O Idiota
Fiódor Dostoiévski
Tradução portuguesa por José Geraldo Vieira
Segunda Parte
11.
continuando...
Disse, entre outras coisas, que Nastássia Filíppovna estava em Pávlovsk havia somente uns quatro dias, mas que já atraía as atenções gerais. Que se instalara com Dária Aleksiéievna em uma pequena casa desgraciosa na Rua dos Marinheiros, mas que a sua carruagem era talvez a mais luxuosa de Pávlovsk. Que a não largava uma chusma de seguidores, velhos e moços, sua carruagem sendo acompanhada muitas vezes por homens a cavalo. Que ela, Nastássia Filíppovna, continuava muito caprichosa na escolha de amigos, recebendo somente aqueles com os quais simpatizava. Que ainda assim se estava formando um verdadeiro regimento à sua volta, dispondo até de campeões caso precisasse. Que certo senhor que morava em uma vila de veraneio já brigara com uma senhorita de quem era formalmente noivo. E que um general escorraçara o filho, pelo mesmo motivo. Que ela aparecia constantemente pelas ruas guiando a parelha, e que a acompanhava uma jovem encantadora de uns dezesseis anos no máximo, parenta longe de Dária Aleksiéievna. Que essa jovem cantava muito bem, de maneira que a casa, de noite, atraía as atenções gerais. Que, no entanto, Nastássia Filíppovna se comportava com extrema conveniência, vestindo-se sem alarde e com extraordinário bom gosto, a ponto de todas as damas invejarem sua elegância, sua beleza e sua carruagem.

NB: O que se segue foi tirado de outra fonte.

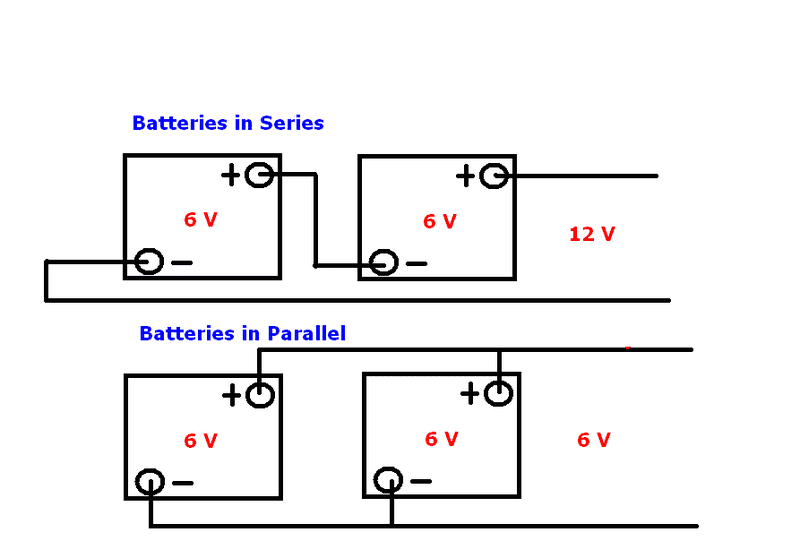 Understanding Amperage for Automobile Headlight Bulb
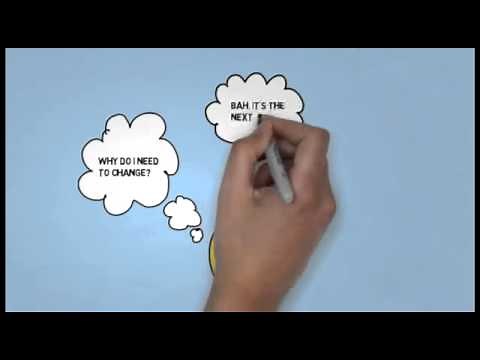 Introduction to Lean Change Management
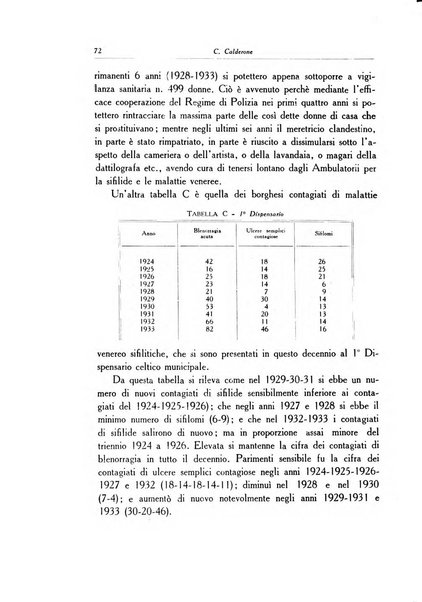 Archivio italiano di dermatologia, sifilografia e venereologia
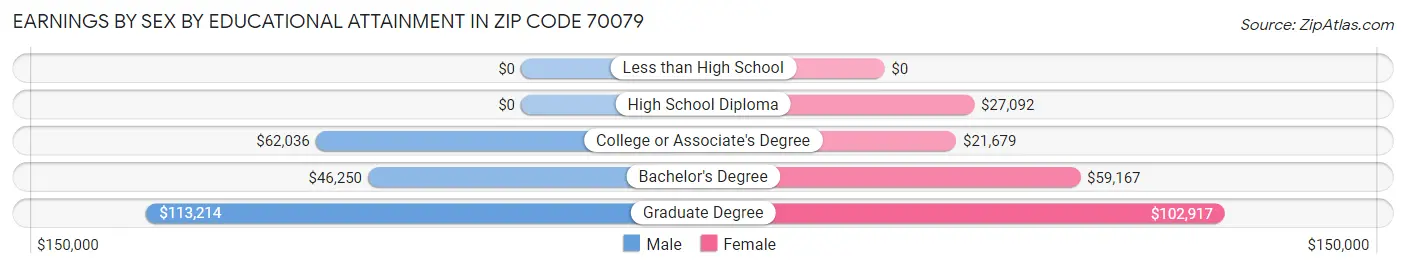 Earnings by Sex by Educational Attainment in Zip Code 70079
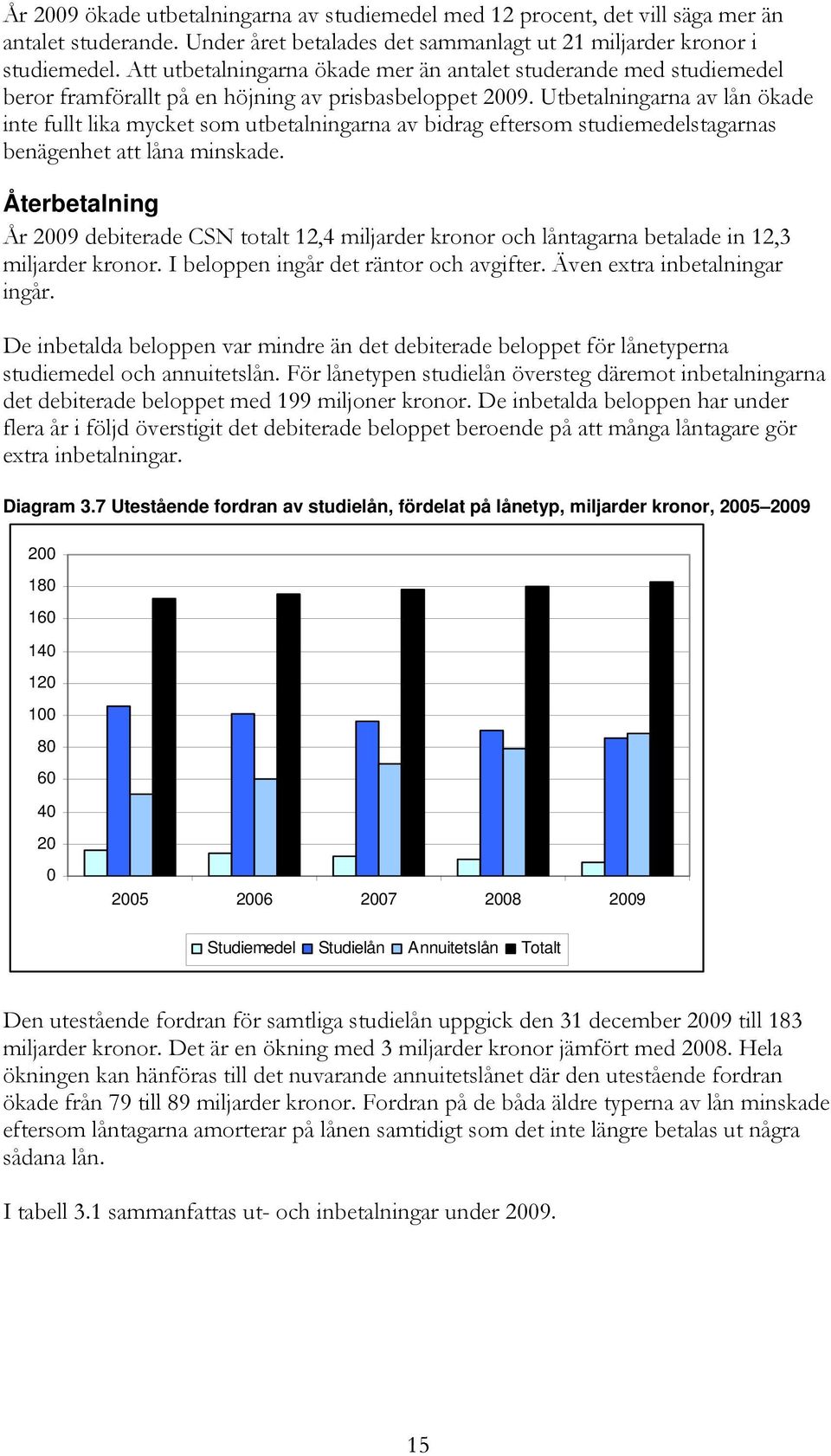 Utbetalningarna av lån ökade inte fullt lika mycket som utbetalningarna av bidrag eftersom studiemedelstagarnas benägenhet att låna minskade.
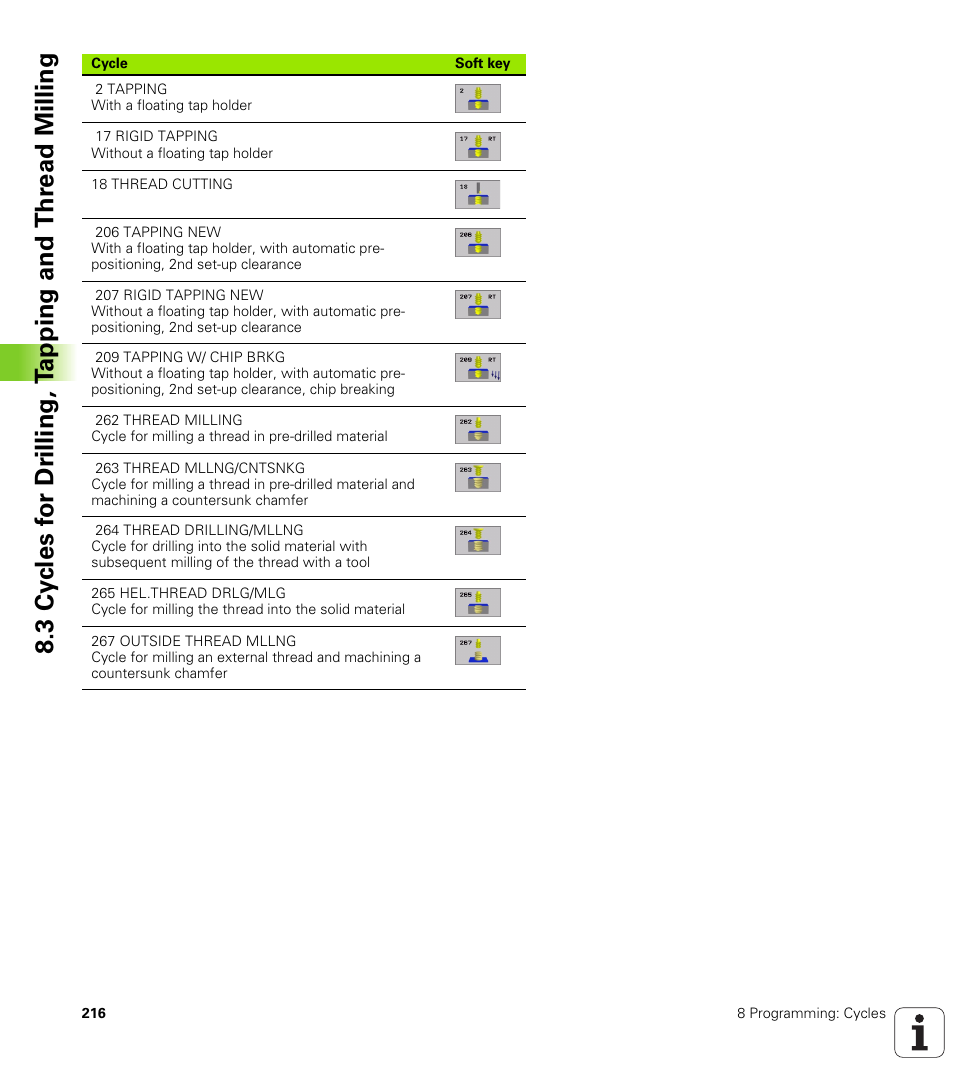 HEIDENHAIN iTNC 530 (340 420) User Manual | Page 244 / 530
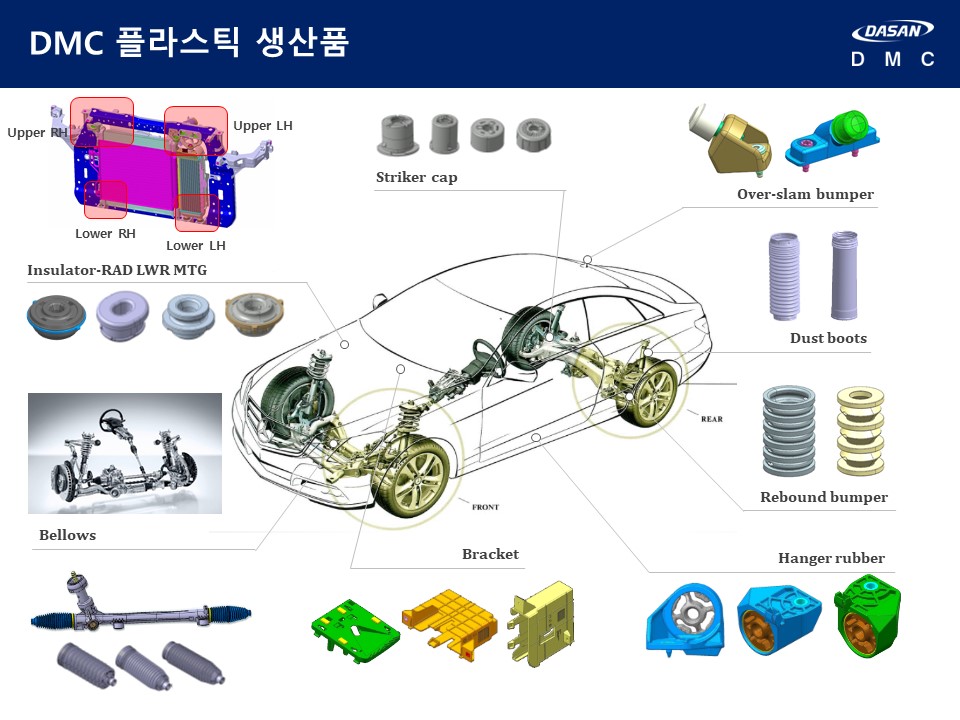 다산디엠씨(208860) 관련 이미지 7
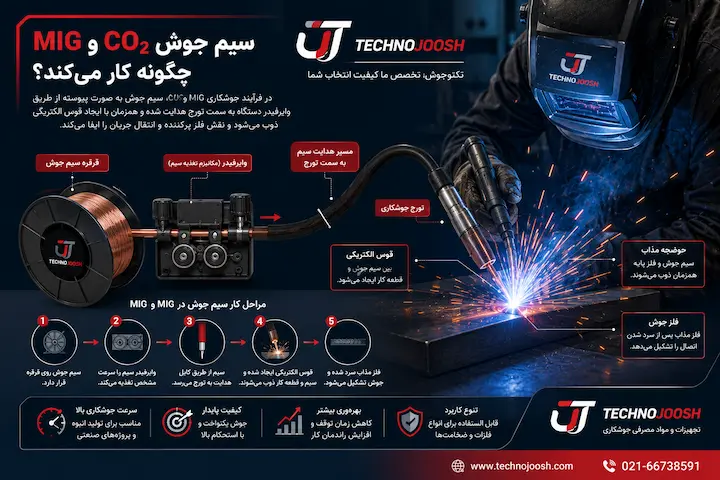 سیم CO2 چگونه کار میکند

- O excêntrico incidente de ontem -
aventurou Gánia - foi decerto premeditado. Ninguém podia esperar por uma
coisa dessas, dada a compostura que até então manteve: para se descobrir nela
defeito ou falta, só procurando muito ou inventando. Mas não deve haver gente
tão baixa assim para se encarregar disso - concluiu ele, certo de que o príncipe
lhe iria perguntar por que chamara ao incidente da véspera de “premeditado” e
por que não haveria gente tão baixa assim para agir contra ela.
Gánia espraiou-se
quanto a Evguénii Pávlovitch sem que nada lhe fosse perguntado a tal respeito; e
o mais estranho é que entrou em tal assunto sem o menor pretexto. Na opinião
dele, Evguénii Pávlovitch antes não conhecia Nastássia Filíppovna e, mesmo
agora a devia conhecer muito por alto, pois lhe tinha sido apresentado
eventualmente havia uns quatro dias apenas ao sair a passeio, não tendo ido,
provavelmente, vez alguma à casa dela. Quanto às promissórias, havia algum
fundamento; Gánia nem tinha dúvida. A fortuna de Evguénii Pávlovitch era de
fato vultosa, mas certos negócios ligados à sua propriedade estavam realmente
confusos. E ao chegar a este ponto deveras interessante, Gánia parou. Assim pois,
relativamente ao escândalo da véspera
feito por Nastássia Filíppovna, não fez ele nenhum outro comentário além do
que acima foi exposto.
Finalmente apareceu Varvára Ardaliónovna, procurando Gánia. Ficou só um
minuto; participou (sem ter sido perguntada) que Evguénii Pávlovitch fora,
aquele dia, a Petersburgo e talvez ficasse lá até o dia seguinte. Que Ptítsin, seu
marido, também estava em Petersburgo, provavelmente por causa dos negócios
de Evguénii Pávlovitch; sabia disso muito por alto. E ao se ir acrescentou que
Lizavéta Prokófievna estivera todo o dia com o diabo no corpo; e que, o que era
pior, Agláia brigara com a família inteira, não apenas com o pai e a mãe, mas
até com as irmãs, “o que constituía um péssimo sinal”.
Depois de lhe terem dado,
assim meramente de passagem, este último retalho de notícias (que era de
extrema importância para o príncipe) irmão e irmã lá se foram. E Gánia não
pronunciou uma só palavra a respeito do caso do “filho de Pavlíchtchev”. E
assim agira, decerto, por falsa delicadeza, para poupar os sentimentos do
príncipe. Ainda assim, o príncipe lhe agradeceu, mais uma vez, a maneira
cuidadosa pela qual se conduzira no caso, ficando contentíssimo de se ver
sozinho, afinal
Deixou a varanda, atravessou a estrada e entrou parque adentro.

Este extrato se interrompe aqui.